Authors: Felix Martin
“Sounds fair so far.”
“Then you began to investigate these ideas that make up money—and especially the most important one: the concept of universal economic value. You explained that a dollar, or a pound, or a euro, or a yen is not a physical thing but a unit of measurement. You explained how some old Polish professor—”
“Witold Kula.”
“—that’s the one—had looked into the history of physical units of measurement and discovered that both the concepts they measure and the standards they embody have evolved over time. Like a good socialist, you even spoke admiringly of the great strides made by some international bureaucracy.”
“That’s right—the International Bureau of Weights and Measures.”
“But the useful part, if I understood you right, was old Professor Kula’s point that both concepts and the standards used to measure them are determined by the uses to which people put them. You made two points. The first was that the concept of universal economic value is just like a physical unit of measurement: the extent of its applicability, and what its standard should be, is properly determined by what it is used for. But the second was that universal economic value is also different from a physical unit of measurement. It is a property of the social rather than the physical world—it’s the central component of a technology for organising society, as you put it—so that its standard needs to be political as well.”
“Exactly. The right criteria for choosing its standard are not consistency and accuracy—as they are for a physical unit of measurement—but fairness, or political justice, or whatever you want to call the characteristic quality of a well-governed society.”
“Right. That was the philosophical part. Then you moved on to history.”
“Well: I did argue that there is evidence to support my claims about the nature of money. I claimed that it is because money’s central idea is that concept of universal economic value, and because the appropriate standard of value has to be a political one, that money as we know it today was first invented by the collision of the Mesopotamian inventions of literacy, numeracy, and accounting, with the notion of the equal social value of every member of the tribe that the primitive Dark Age Greeks had.”
“Ah yes. Well, you could be right about that—but it doesn’t seem to be that important if you aren’t. After all, money is still with us, so we can test your account of what it really is right here and now. How it was invented doesn’t really matter—and since we’ll never know, why worry?”
“That’s one way of looking at it—ever the philistine. But you’re right that the real test of my biography is how well it explains money today—and our problems with it, and how to start solving them. So carry on.”
“Well then, the history part. This is where the murder mystery began. You started out by praising the clarity of ancient Chinese monetary thought. You explained that their philosophers and emperors understood perfectly that money is a tool of government, and that the extent to which economic value is used to co-ordinate social activity, and the question of what the standard should be, are therefore to be determined solely by reference to how they contribute to the successful government of the country.”
“That’s right: to ‘peace and order in the sub-celestial realm’ as they more poetically put it.”

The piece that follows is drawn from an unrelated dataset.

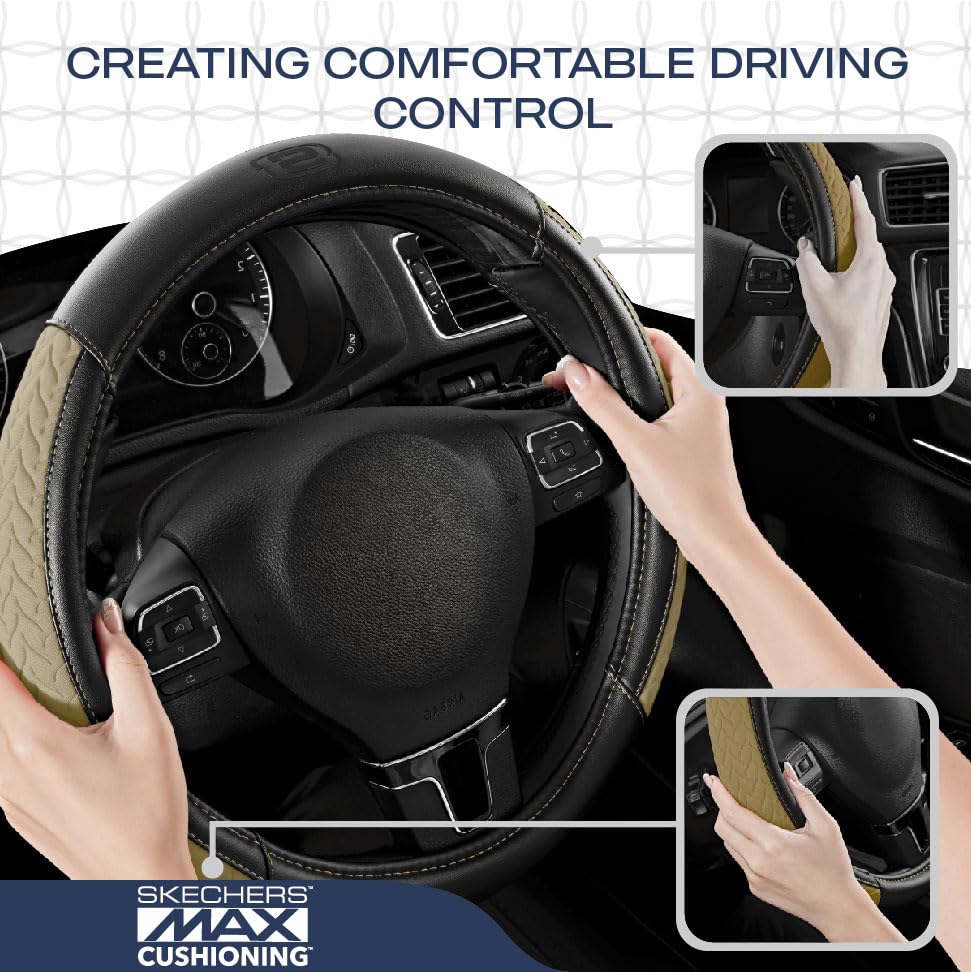 Skechers Steering Wheel Cover,Max Cushioning Leather Steering Wheel Cover Universal Fit 14" 1/2-15" Car Wheel Protector for Men Women Fit Suvs,Vans,Sedans,Car,Trucks,Beige - color: Beige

“Revolution, more like, if you ask me. But we’ll come to that in a moment. Anyway, then you told the story of Europe’s remonetisation in the Middle Ages. The real story here, you said, was a long-running battle between sovereigns and their subjects over the management of the standard. The Europeans, you seemed to be saying, were less concerned about the applicability of the concept of universal economic value—but they were very much concerned with what its standard was, because both sovereigns and subjects understood
only too well that making the pound worth more or less in terms of real goods and services meant the redistribution of wealth and incomes.”
“Exactly. And especially, redistribution to the sovereign from his subjects.”

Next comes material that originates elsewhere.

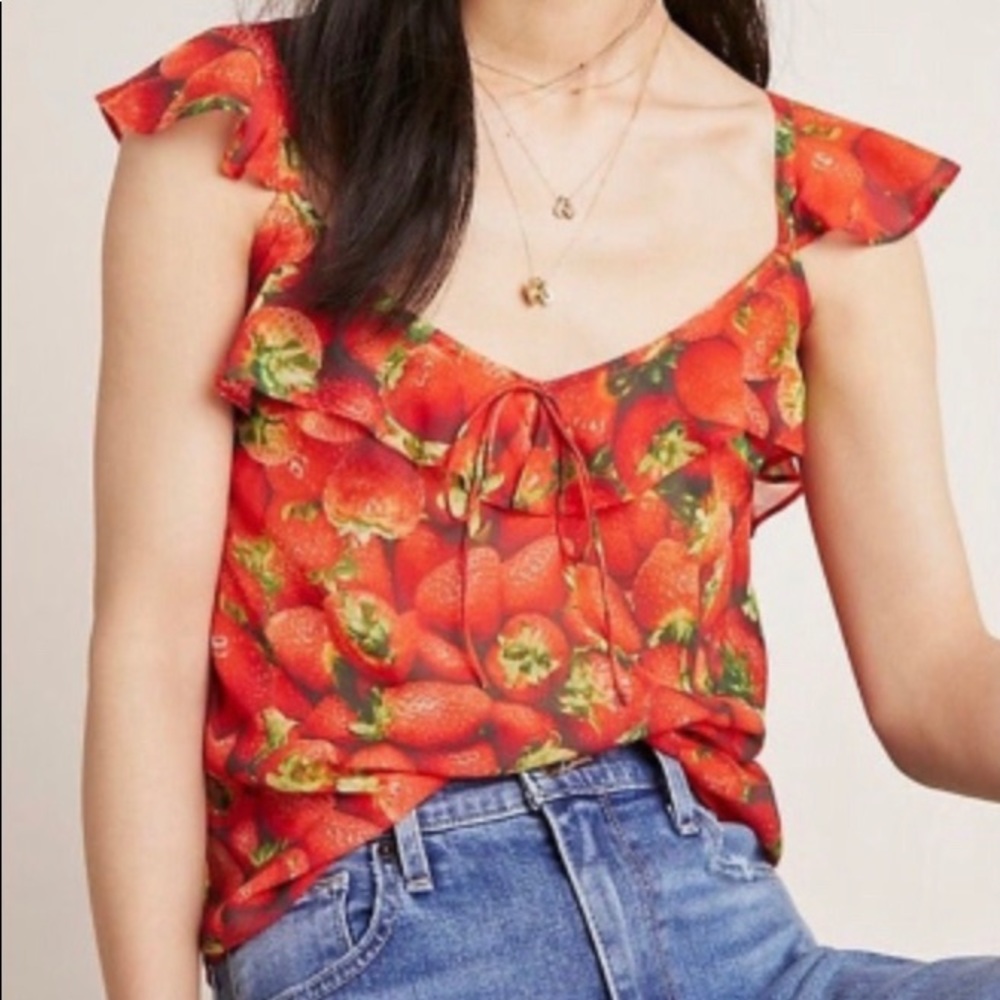 Strawberry Sheer Summer Tank x Anthropologie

“Right. Seigniorage. The story you told was that as the monetary economy grew, so there were more and more subjects interested in the question of the standard—since they didn’t want to pay excessive seigniorage to their sovereign. They complained about it a lot. They invented all kinds of clever arguments against it. They hired that French bishop to show why it was wrong. But none of it did much good.”
“Because there was no realistic alternative—so they had no way of forcing the sovereign’s hand.”
“Until, that is, some bright spark rediscovered banking, and with it a viable means of issuing private money on a monster scale.”
“Exactly. Turned out to be quite a profitable invention for everybody—but especially for the bankers. The sort of thing I bet you wish you’d thought of.”
“Touché. Anyway: once bankers had rediscovered the trick of issuing private money, the boot was on the other foot. Now it was the sovereigns and their seigniorage that were under pressure. This was an unstable situation—monetary insurrection, to use your metaphor. But with the foundation of the Bank of England, a way to secure a permanent peace was found—at least until recently.”
“The Great Monetary Settlement. You’ve got it. But forgive me for interrupting. Only, where’s the murder?”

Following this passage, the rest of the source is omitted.